Question

The rate of reaction becomes four times when the temperature changes from \[293K\] to \[313K\]. Calculate the energy of activation \[{{E}_{2}}\] of the reaction assuming that it does not change with temperature.
\[\left[ R=8.314J/Kmo{{l}^{-1}},\log 4=0.6021 \right]\]

Answer 1

Hint: Arrhenius equation, numerical articulation that depicts the impact of temperature on the speed of a chemical reaction, the premise of all prescient articulations utilized for figuring reaction- rate constants.

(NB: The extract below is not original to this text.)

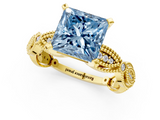 Yellow gold Fancy Blue Princess  Solitaire Milgrain Diamond Engagement Ring with Bezel and Marquise Band_113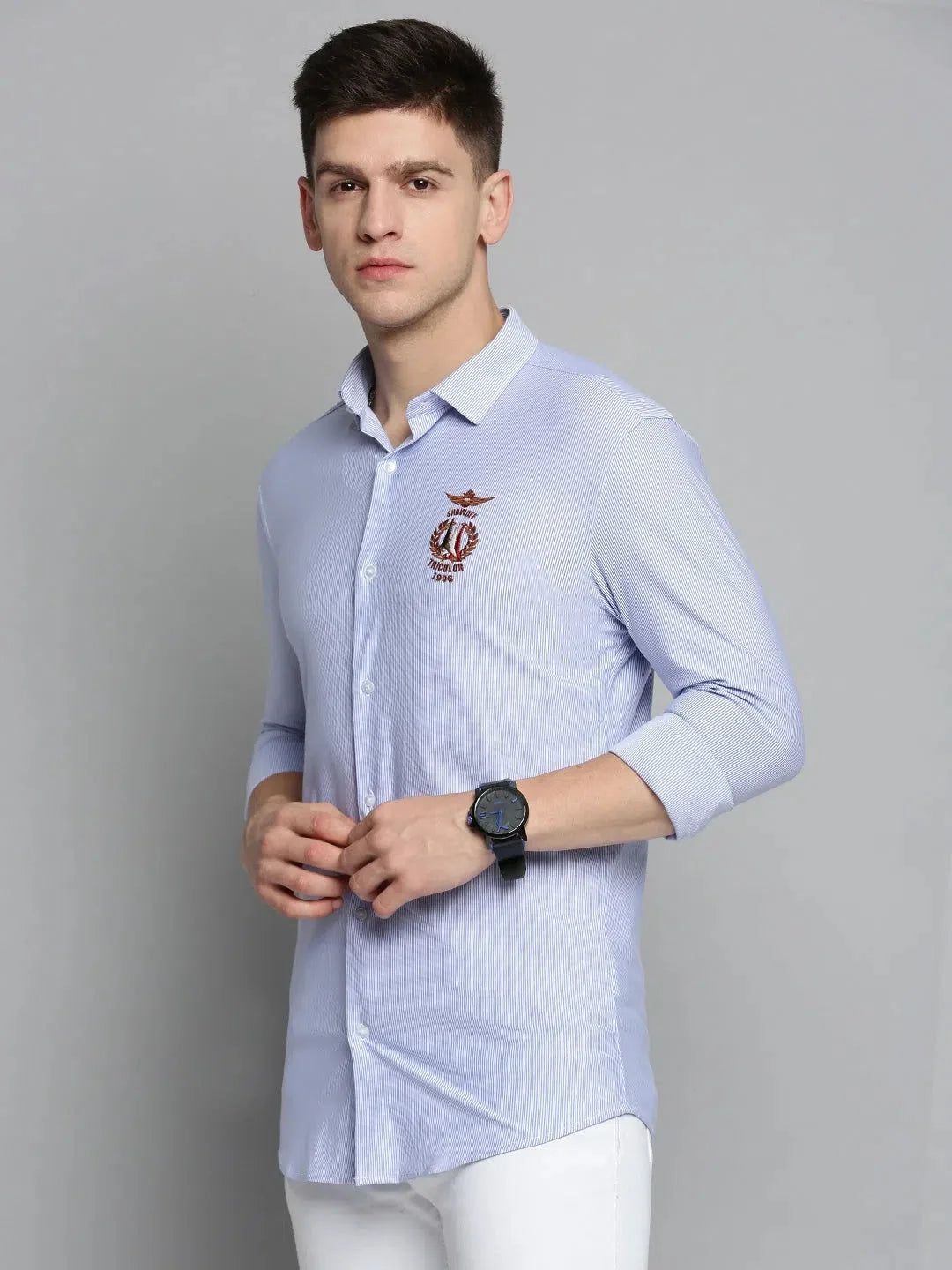 Blue Solid Mens Shirt - Casual Style | DesiQlo Online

Complete step by step answer:
Given:
\[
   {{T}_{1}}=293K \\
  {{T}_{2}}=313K \\
  R=8.314J{{k}^{-1}}mo{{l}^{-1}} \\
  k_2 =4{{k}_{1}} \\
  {{E}_{a}}=?
\]
The formula used here is, \[\log \dfrac{{{k}_{2}}}{{{k}_{1}}}=\dfrac{{{E}_{a}}}{2.303R}\left( \dfrac{1}{{{T}_{1}}}-\dfrac{1}{{{T}_{2}}} \right)\]
Substituting values,
\[
\Rightarrow \log \dfrac{4{{k}_{1}}}{{{k}_{1}}}=\dfrac{{{E}_{a}}}{2.303\times \left( 8.314J{{K}^{-1}}mo{{l}^{-1}} \right)}\left( \dfrac{1}{293K}-\dfrac{1}{313K} \right) \\
\Rightarrow \log 4=\dfrac{{{E}_{a}}}{2.303\times \left( 8.314J{{K}^{-1}}mo{{l}^{-1}} \right)}\left( \dfrac{313K-293K}{293K\times 313K} \right) \\
\Rightarrow \dfrac{0.6021\times 2.303\times 8.314J{{K}^{-1}}mo{{l}^{-1}}\times 293K\times 313K}{20K}={{E}_{a}} \\
\Rightarrow {{E}_{a}} =\dfrac{1057266.674}{20}=52863.33\,Jmo{{l}^{-1}} \\
\Rightarrow {{E}_{a}} =52.86\, kJmo{{l}^{-1}} \\
\]

Hence, the answer is \[52.86\, kJmo{{l}^{-1}}\]

Additional Information:
The sign 'A' in the Arrhenius condition indicates the pre-exponential factor or the recurrence factor. This factor manages the crashes among atoms and can be thought of as the recurrence of accurately arranged impacts between particles that have adequate energy to start a compound reaction.

Note:
\[k=\] Rate constant, the estimation of the rate constant is temperature subordinate. An enormous estimation of the rate constant implies that the response is generally quick, while a little estimation of the rate steady implies that the response is moderately moderate.
\[{{E}_{a} }= \]Activation energy, the activation energy is the base energy needed for a response to happen. This implies that the reactant particles have enough dynamic energy to impact effectively and defeat the shock brought about by external electrons.
\[R=\] Universal gas constant, the gas steady is meant by the image R or R. It is identical to the Boltzmann constant, however communicated in units of energy per temperature increase per mole.
\[{{T}_{{}}}= \]Temperature, expanding the temperature of a response by and large accelerates the cycle in light of the fact that the rate consistent expands as per the Arrhenius Equation.